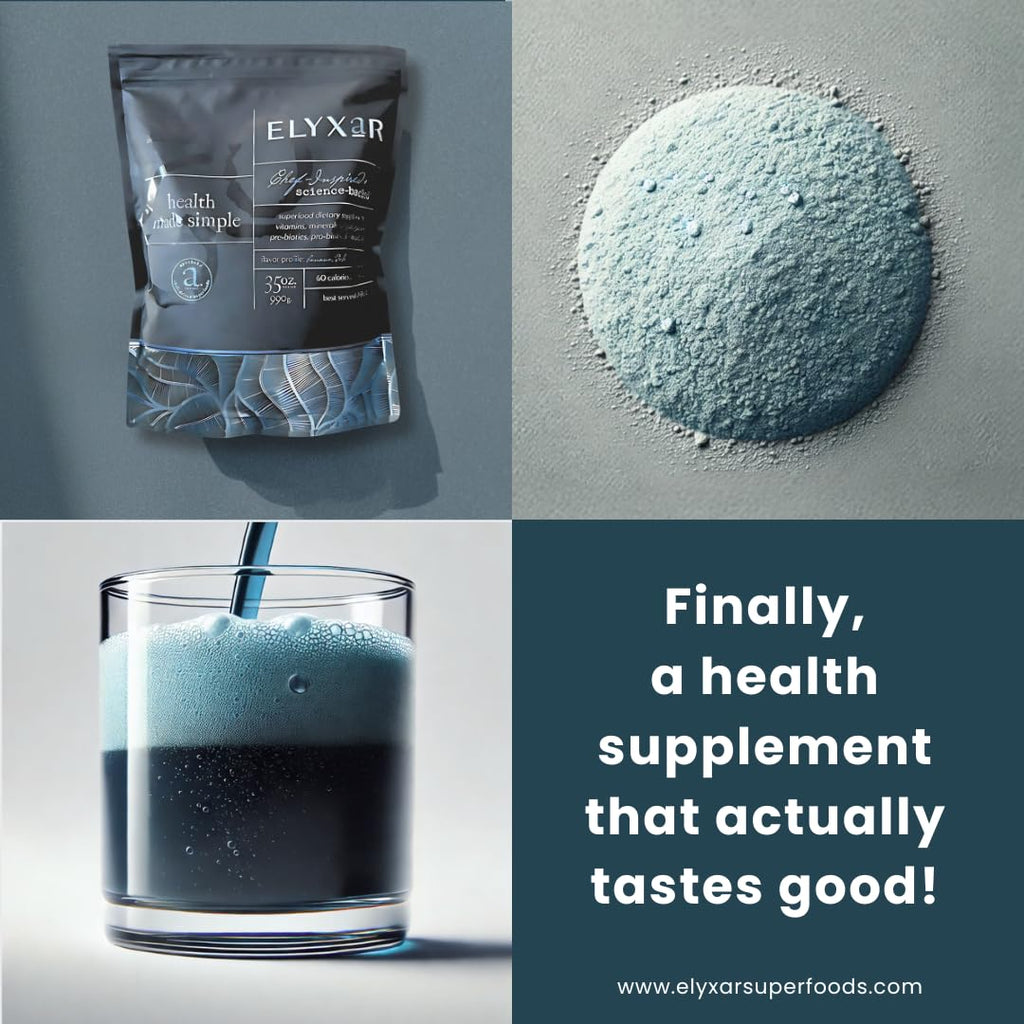 ELYXaR Daily Superfood Complex - Supplement Powder - 60+ Vitamins, Minerals, Wholefood-Sourced Ingredients, Stress Adaptogens, Pro & Prebiotics, Digestive Enzymes, & Electrolytes - 30 Servings apotheka superfoodsBuy Supplements Australia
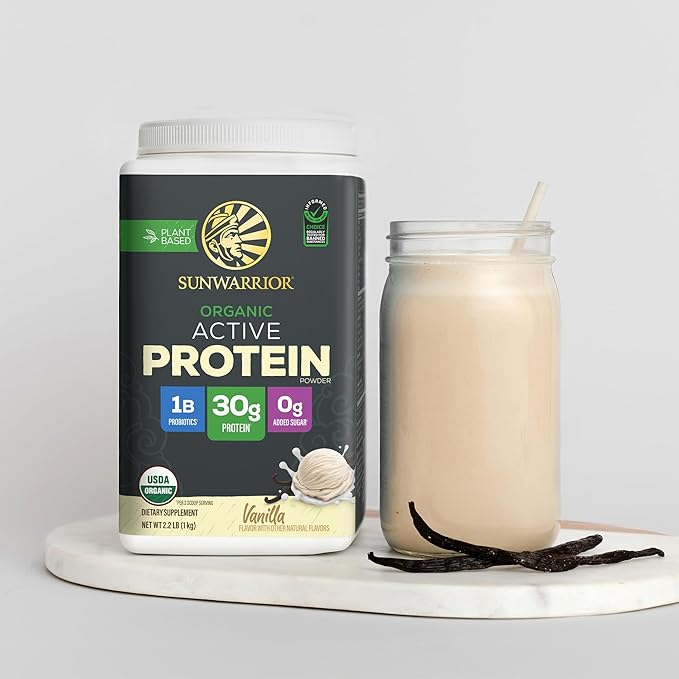 Sunwarrior Organic Plant Based Protein Powder | Vegan Organic Protein Powder with BCAA Amino Acids Plus Recovery Minerals &amp Botanicals | Non-GMO Soy Dairy &amp Gluten Free (Vanilla 20 Servings)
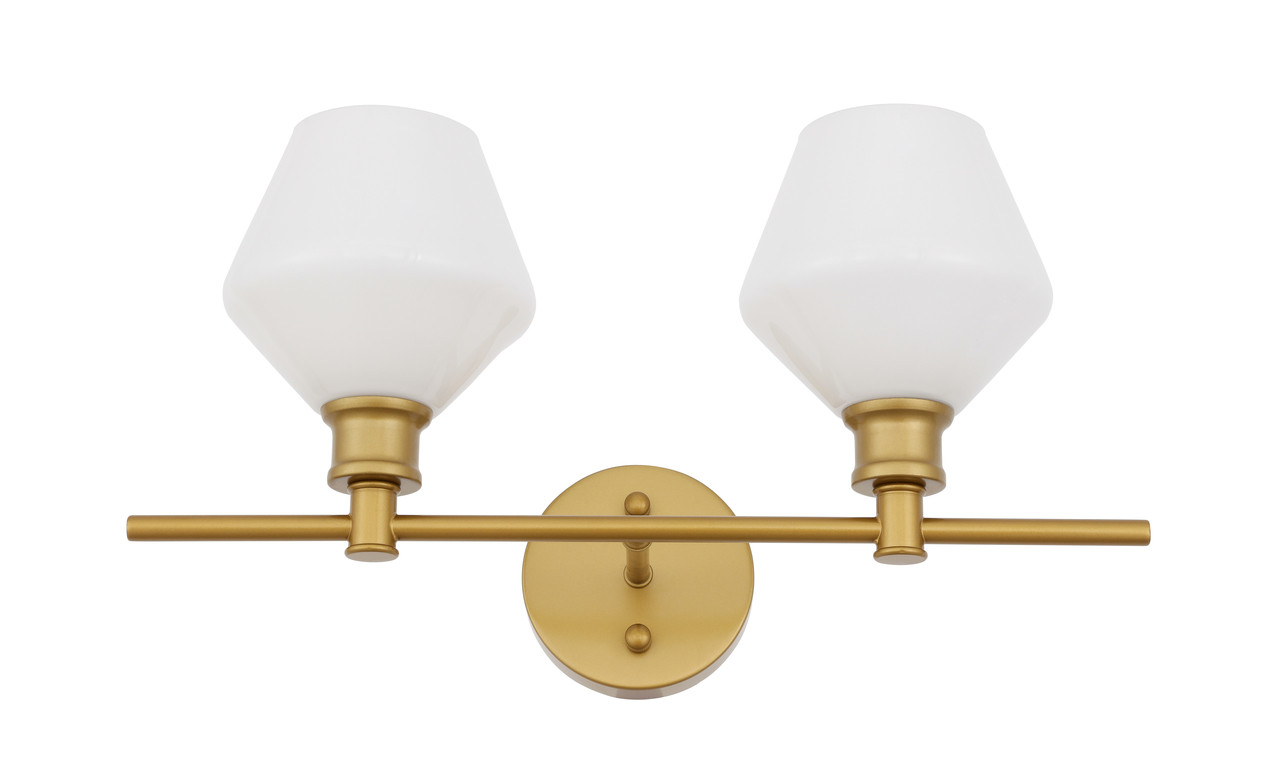 Living District LD2313BR Gene 2 light Brass and Frosted white glass Wall sconce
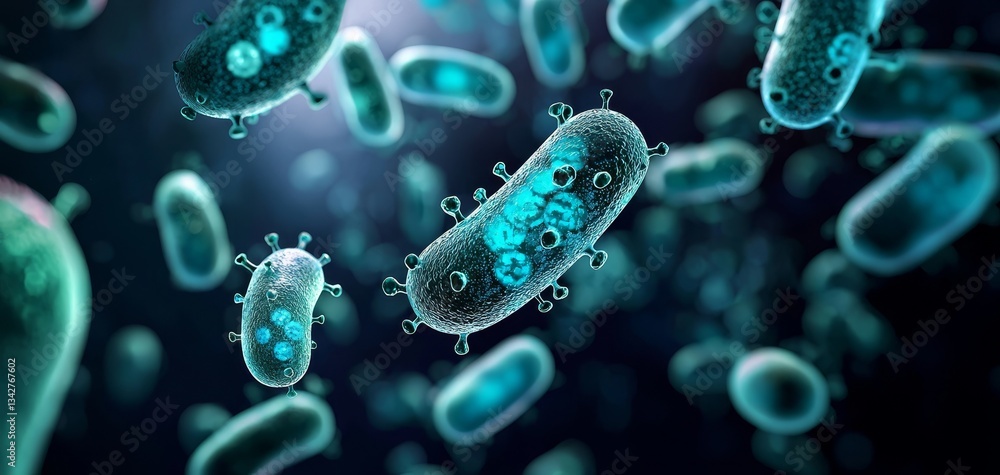 Poster a close-up image of bacteria with a glowing, microscopic appearance, showcasing their shapes and str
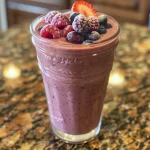 Close-up of a vibrant berry protein smoothie in a glass, showcasing its thick texture and garnished with fresh berries.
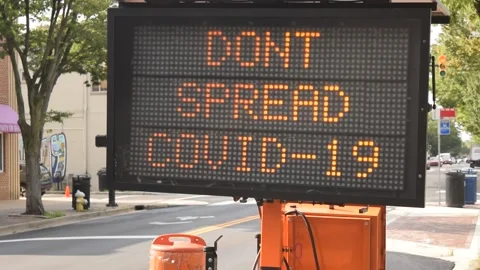 Coronavirus Variable Message Traffic Sign Video stock 136763076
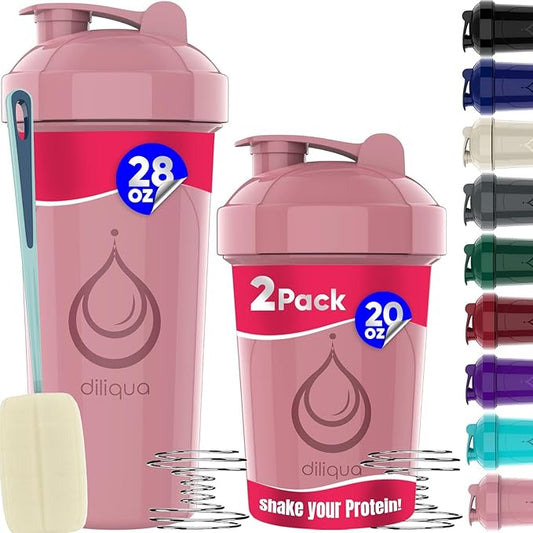 4 PACK, 28 oz & 20 oz Shaker Bottles for Protein Mixes | BPA-Free & Dishwasher Safe | Protein Shaker Bottle | Shaker Cups | Leakproof Blender Shaker Bottle Pack (28 & 24 oz Pink)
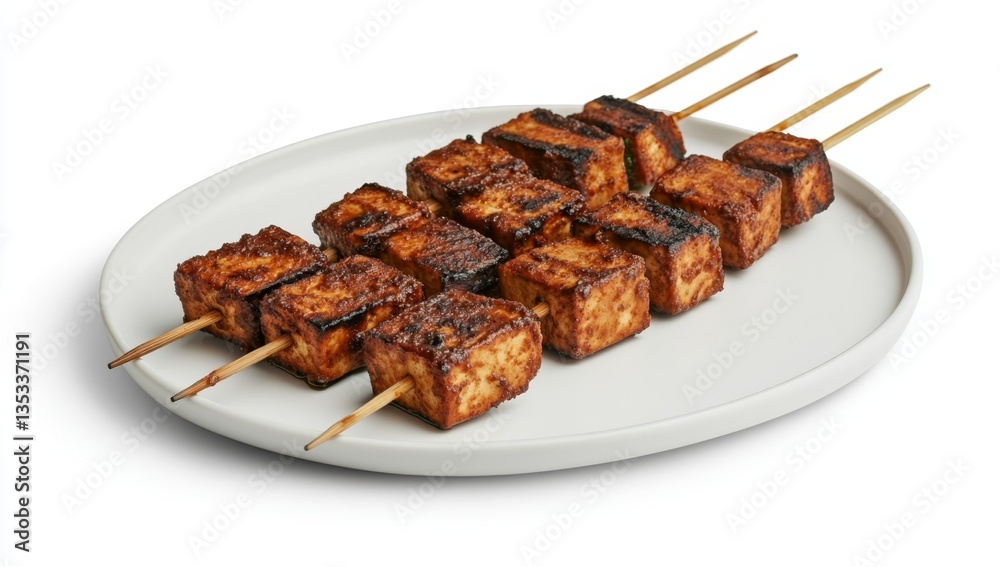 Grilled Tofu Skewers. Crispy, flavorful tofu cubes on skewers, ready to eat. A healthy and delicious protein-packed meal Grilled Tofu Skewers. Crispy, flavorful tofu cubes on skewers, ready to eat. A healthy and delicious protein-packed meal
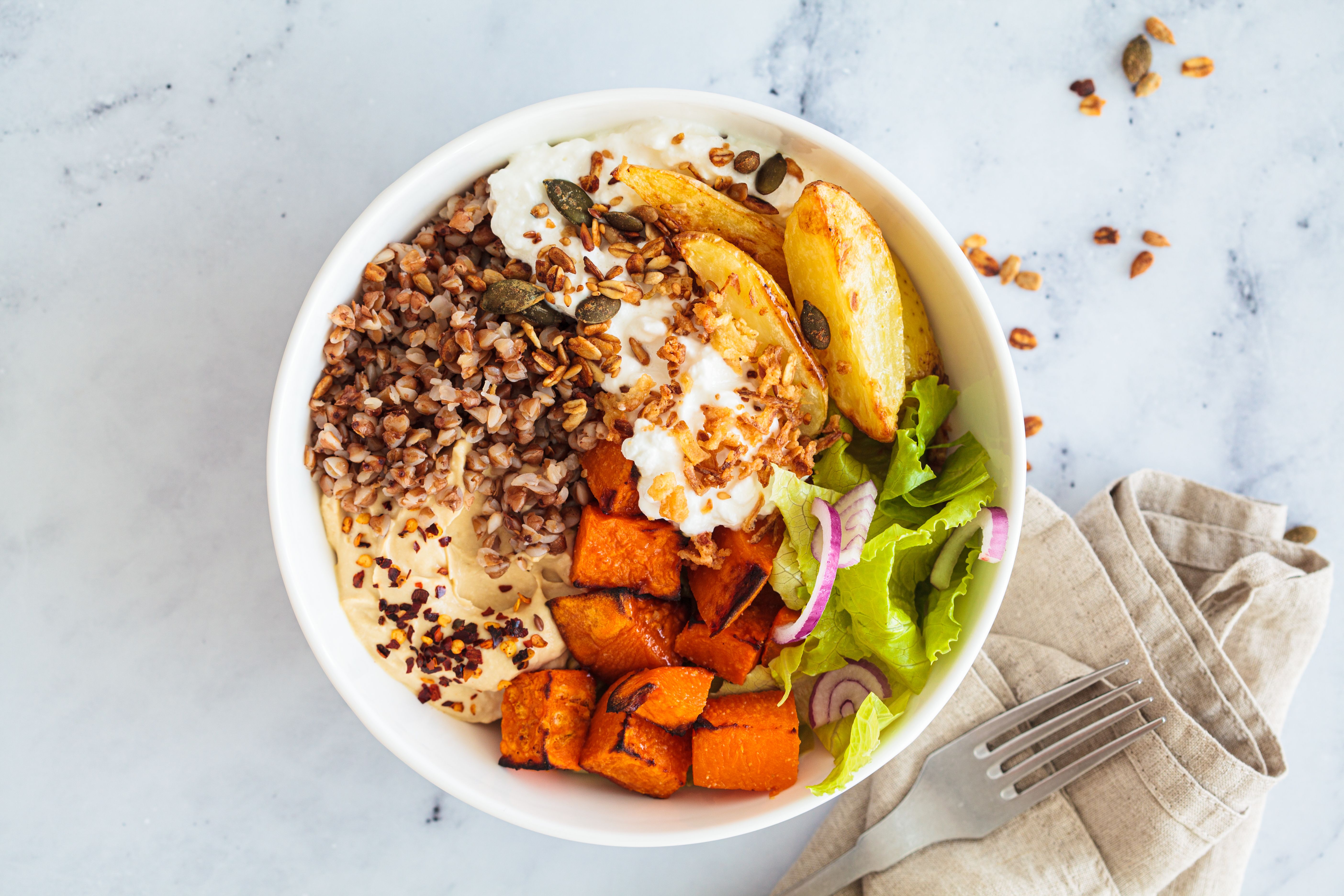 Featured Recipe- Hot Honey Sweet Potato Protein Bowl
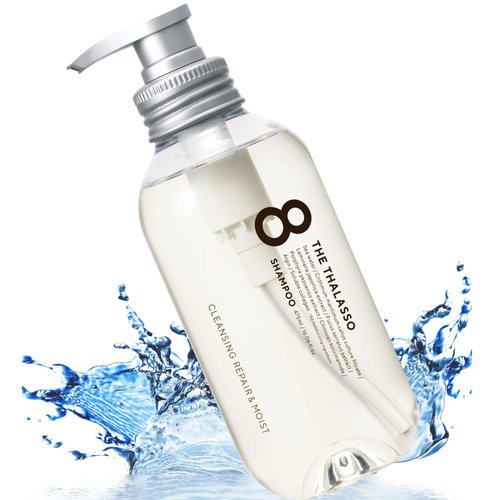 8 THE THALASSO Moist Series: Normal to Dry Hair Shampoo, with High Thalasso Stem Cells, Deep Sea Water & Marine Collagen, Clarifying & Moisturizing, Chemical-Free, 475mL /16.06 fl oz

________________________

> [Work instruction]: Retype the listing verbatim, minus every image.

> [Reply to the exercise]:
 ELYXaR Daily Superfood Complex - Supplement Powder - 60+ Vitamins, Minerals, Wholefood-Sourced Ingredients, Stress Adaptogens, Pro & Prebiotics, Digestive Enzymes, & Electrolytes - 30 Servings apotheka superfoodsBuy Supplements Australia
 Sunwarrior Organic Plant Based Protein Powder | Vegan Organic Protein Powder with BCAA Amino Acids Plus Recovery Minerals &amp Botanicals | Non-GMO Soy Dairy &amp Gluten Free (Vanilla 20 Servings)
 Living District LD2313BR Gene 2 light Brass and Frosted white glass Wall sconce
 Poster a close-up image of bacteria with a glowing, microscopic appearance, showcasing their shapes and str
 Close-up of a vibrant berry protein smoothie in a glass, showcasing its thick texture and garnished with fresh berries.
 Coronavirus Variable Message Traffic Sign Video stock 136763076
 4 PACK, 28 oz & 20 oz Shaker Bottles for Protein Mixes | BPA-Free & Dishwasher Safe | Protein Shaker Bottle | Shaker Cups | Leakproof Blender Shaker Bottle Pack (28 & 24 oz Pink)
 Grilled Tofu Skewers. Crispy, flavorful tofu cubes on skewers, ready to eat. A healthy and delicious protein-packed meal Grilled Tofu Skewers. Crispy, flavorful tofu cubes on skewers, ready to eat. A healthy and delicious protein-packed meal
 Featured Recipe- Hot Honey Sweet Potato Protein Bowl
 8 THE THALASSO Moist Series: Normal to Dry Hair Shampoo, with High Thalasso Stem Cells, Deep Sea Water & Marine Collagen, Clarifying & Moisturizing, Chemical-Free, 475mL /16.06 fl oz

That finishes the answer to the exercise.